Trouble with metaclass

[anton muhin]

Fernando Rodriguez wrote:
> Hi,
> 
> I'm having trouble with a metaclass suposed to check the method signature of
> its classes.
> 
> Here's the metaclass:
> 
> class MetaChecker(type):
>     def __new__(cls, name, bases, attribs):
>         for name, value in attribs.iteritems():
>             if  inspect.ismethod(value):
>                 if not isSingleArg(value):
>                     raise "%s is not a thunk method!"%name
>         return type.__new__(cls, name, bases, attribs)
>     
>  
> def isSingleArg(fn):
>   
>     args = inspect.getargspec(fn)[0]
>     if len(args) == 1:
>         return 1
>     else:
>         return None
>    
> 
> And here's a class with this metaclass:
> 
> class Preconditions (object):
>    
>     __metaclass__ = MetaChecker
> 
> 
> 
> If I define a descendant of Preprocesor with a method with 2 arguments, I
> don't get any error:
> class P (Preprocessor):
>    def f(self, x):
>       return x
> 
> 
> What am I doing wrong?

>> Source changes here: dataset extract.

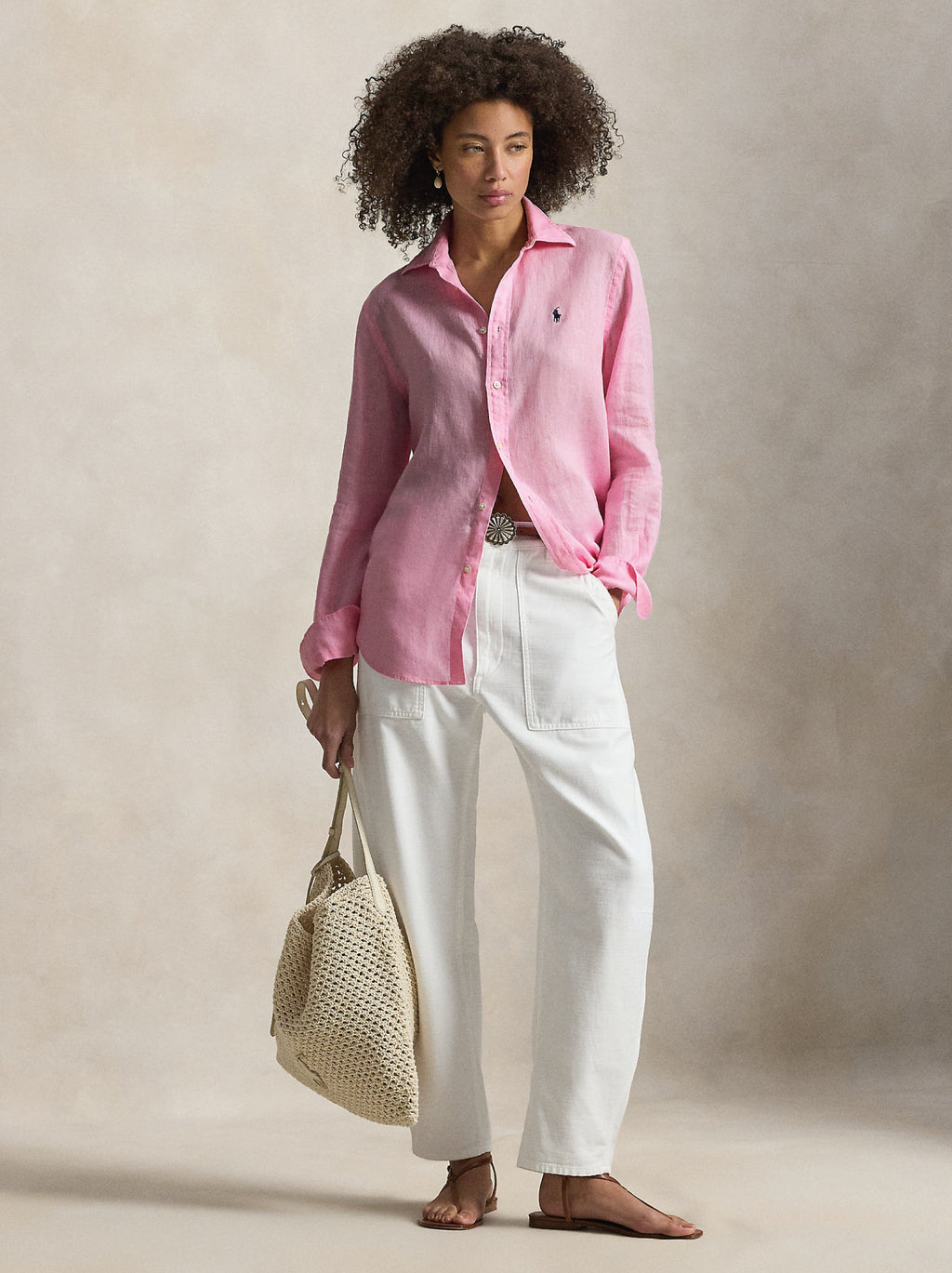 2026 New Arrival Camicia Classic Fit in Lino Rosa
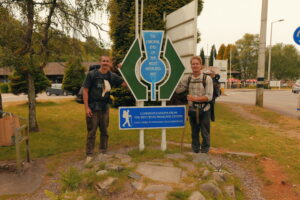 Riley and Brian pictured at the original finish of the West Highland Way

O:-)
> 

The problem seems to be with ismethod function. Cf.:

import inspect

class MetaFoo(type):
     def __new__(cls, name, bases, attribs):
         for name, value in attribs.iteritems():
             if inspect.isfunction(value):
                 print '%s(%s)' % (name, ', 
'.join(inspect.getargspec(value)[0])) // Sorry, it's wrapped :(

         return type.__new__(cls, name, bases, attribs)

class Base(object):
     __metaclass__ = MetaFoo

class Foo(Base):
     def method0(self): pass
     def method1(self, x): pass
     def method2(self, x, y): pass

And compare:

class Foo(object):
     def method(self): pass
     print 'inside', inspect.ismethod(method)
     print 'inside', type(method)

print 'outside', inspect.ismethod(Foo.method)
print 'outside', type(Foo.method)

Python2.3 prints:
inside False
inside <type 'function'>
outside True
outside <type 'instancemethod'>


regards,
anton.